_What you should do_
Once the line holding "URBAN RESEARCH /" is found in the entries below, transcribe exactly every line up to and including the one holding "Poster Rime da", but leave out the pictures.

(Records from a data collection)
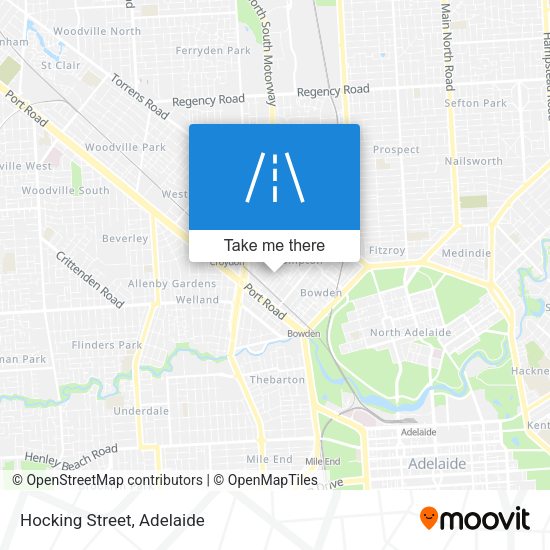 Hocking Street map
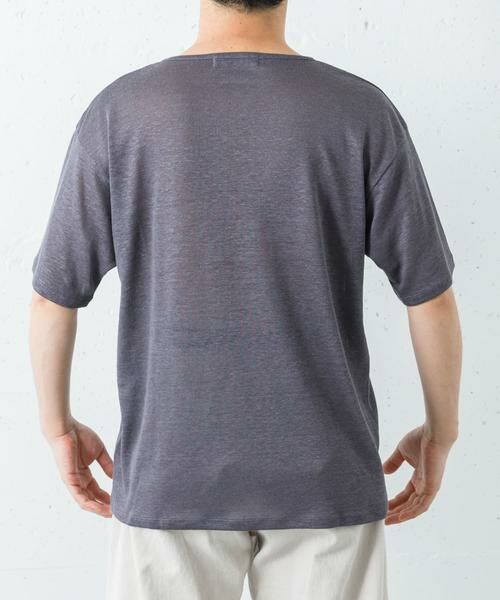 URBAN RESEARCH / アーバンリサーチ Tシャツ | LINEN NARROW TRIM T-SHIRTS | 詳細9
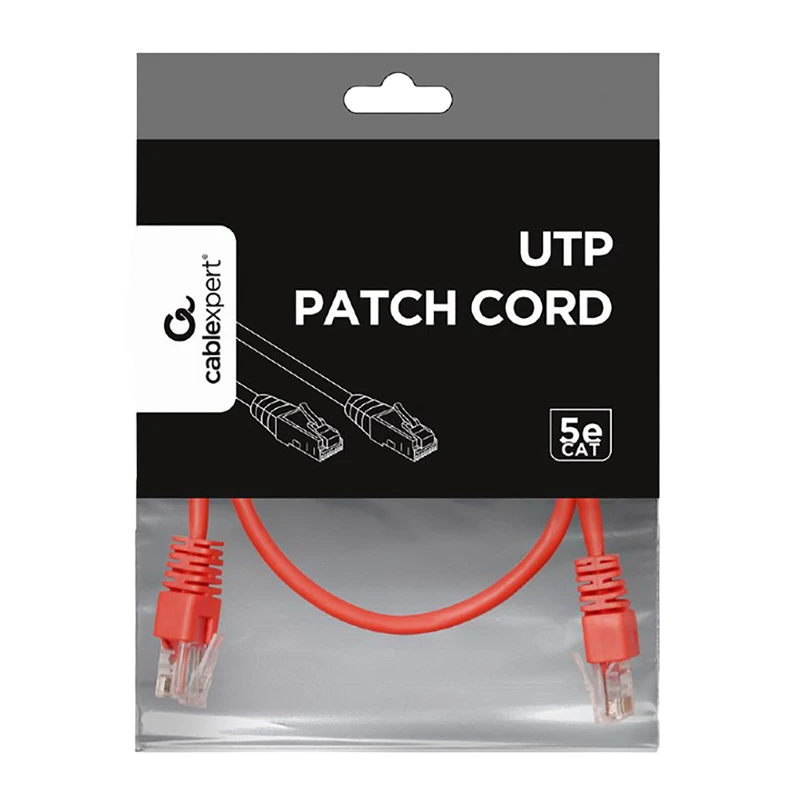 Patch cord cablexpert pp12-0.5m/r, cat5e utp, 0,5m, roșu 6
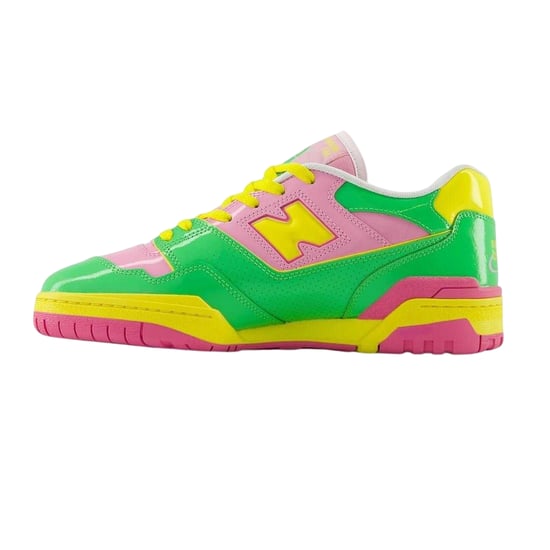New Balance Dames 550 Neon leren sportschoenen (Groen/Roze/Geel) - Image 2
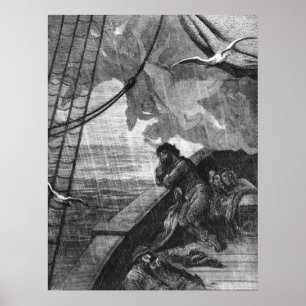 Poster Rime da gravura de Gustave Dore do navegador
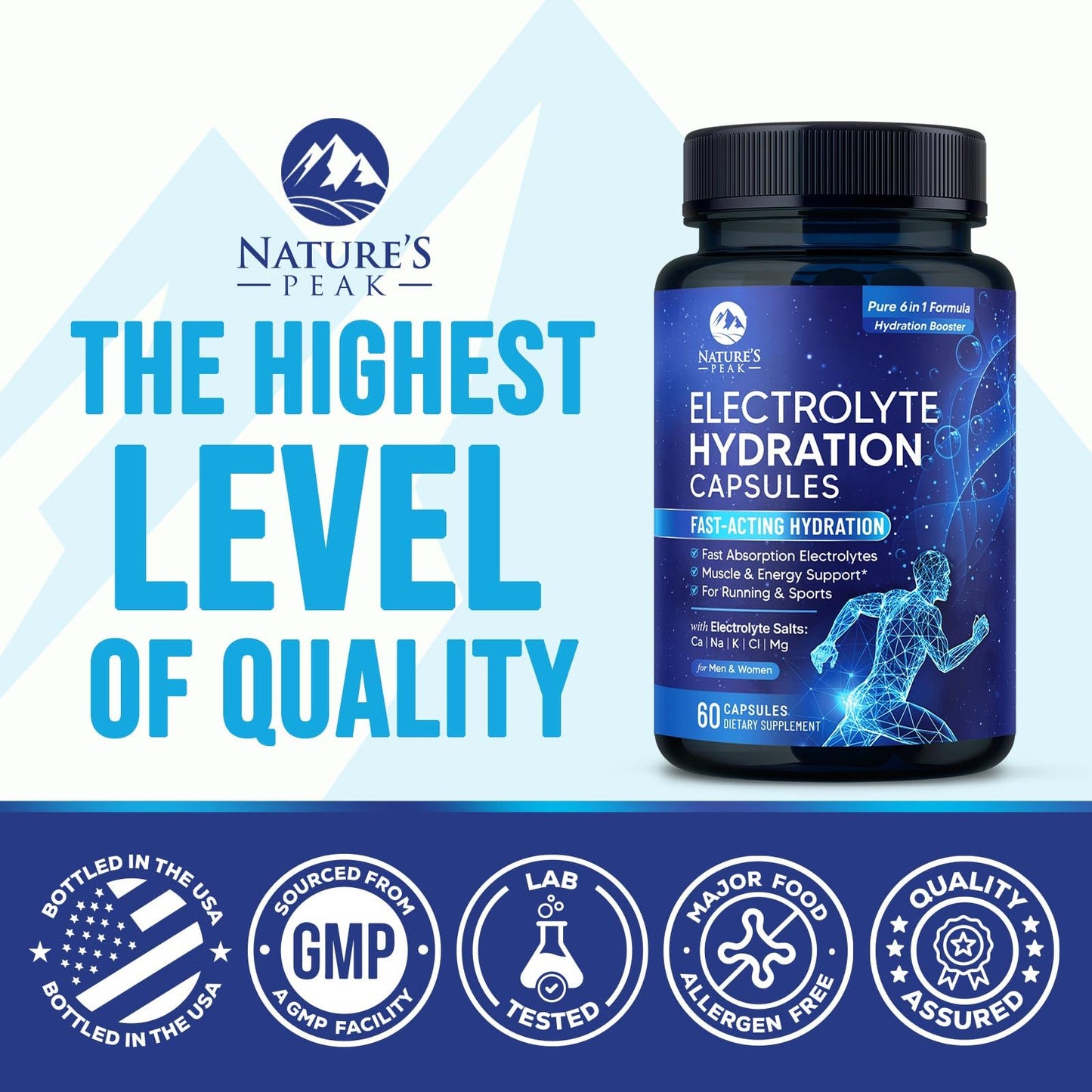 Nature's Peak Electrolytes Supplement Capsule 60 Count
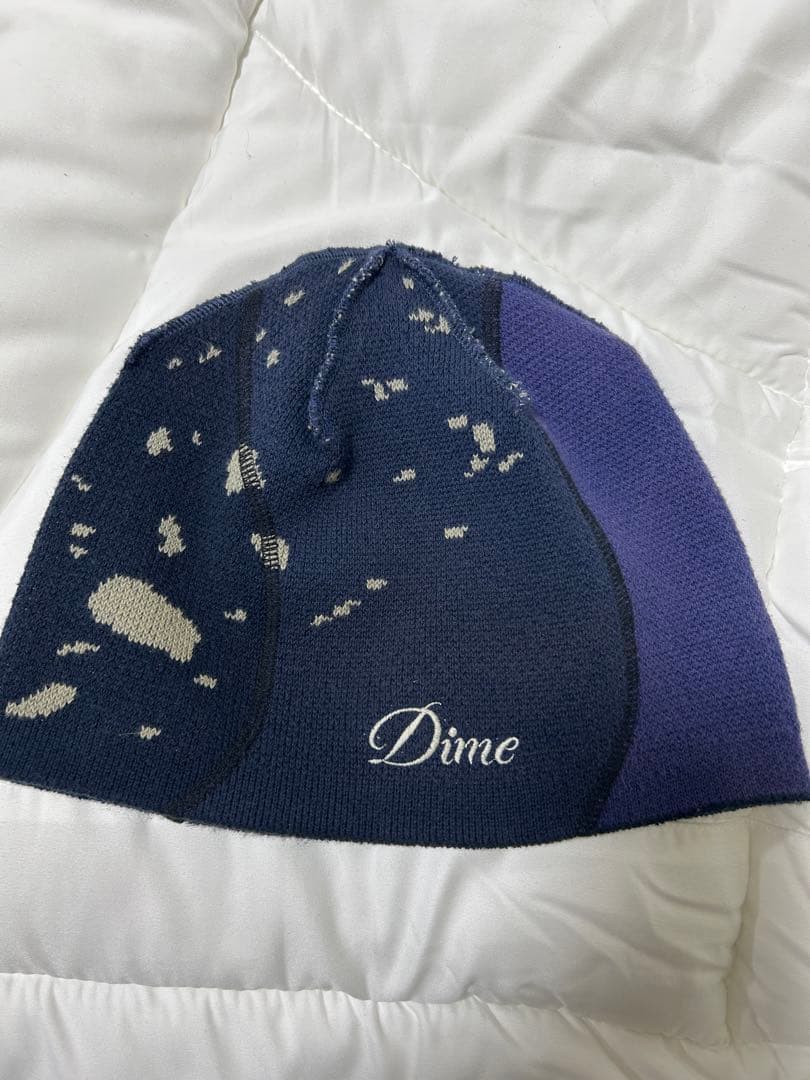 Dime ビーニー　ニット帽　ネイビー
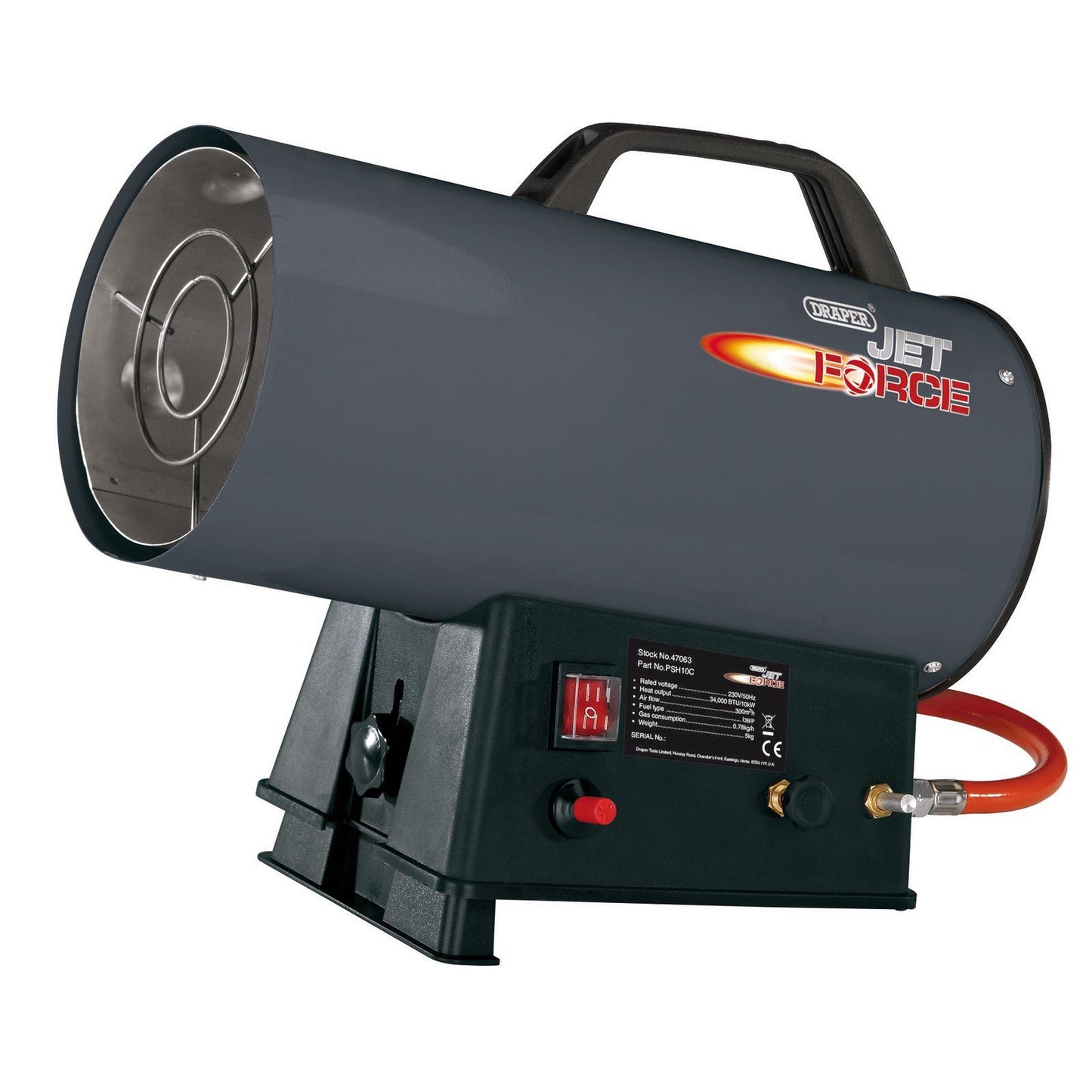 Draper 47063 Jet Force Propane Space Heater (34,000 BTU/10 kW)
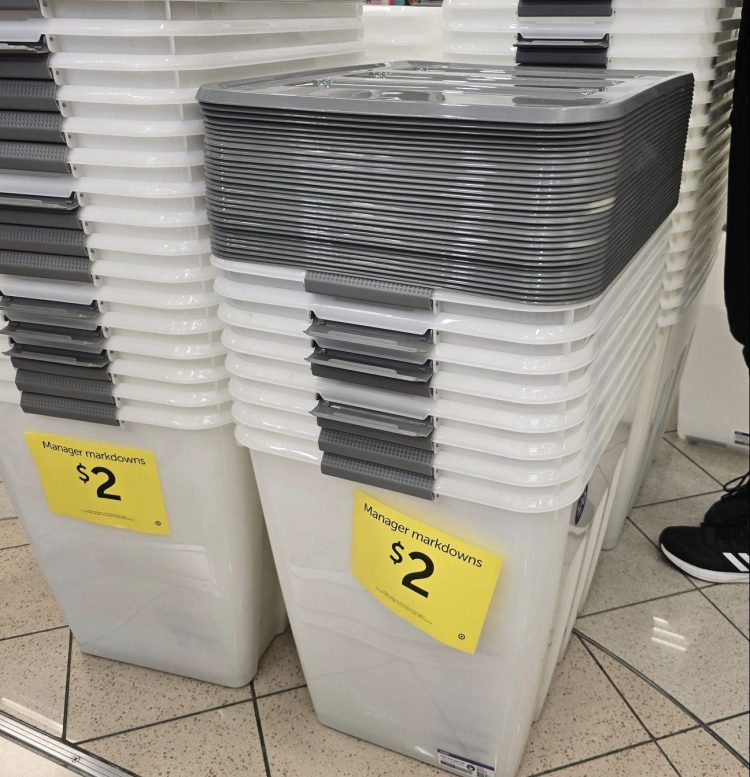 Target (Broadway): Anko 120L Storage Tub $2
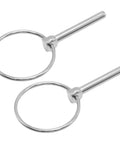 Beefed Up Hood Pins Kit For Cars And Off Road Rigs Universal Racing Hood Lock Pins shown in stainless steel construction
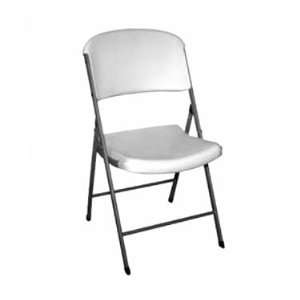  Folding Chair, contoured seat & back, white blow
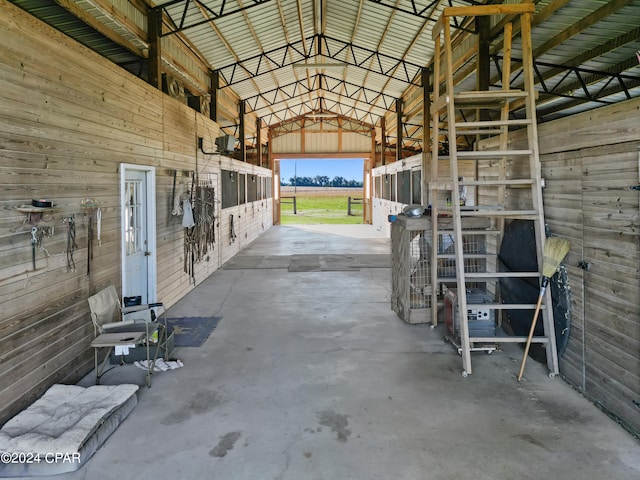 view of horse barn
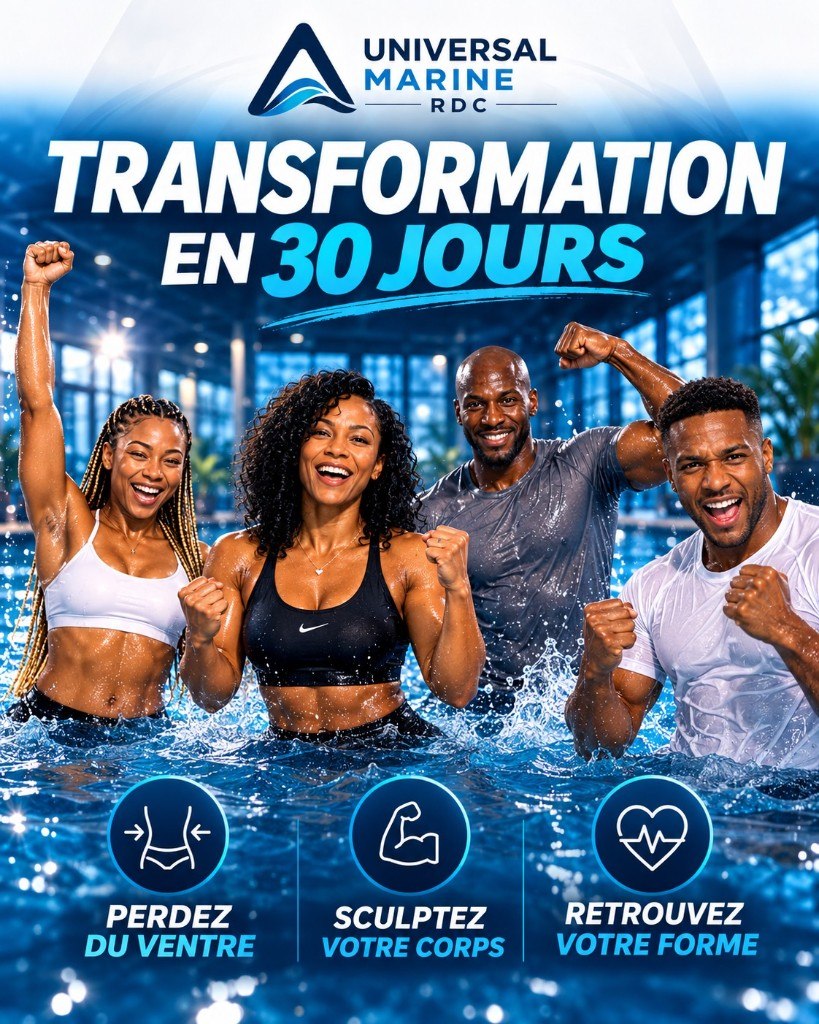 Transformation en 30 jours Aquagym Slim & Strong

_Answer to the problem_
 URBAN RESEARCH / アーバンリサーチ Tシャツ | LINEN NARROW TRIM T-SHIRTS | 詳細9
 Patch cord cablexpert pp12-0.5m/r, cat5e utp, 0,5m, roșu 6
New Balance Dames 550 Neon leren sportschoenen (Groen/Roze/Geel) - Image 2
 Poster Rime da gravura de Gustave Dore do navegador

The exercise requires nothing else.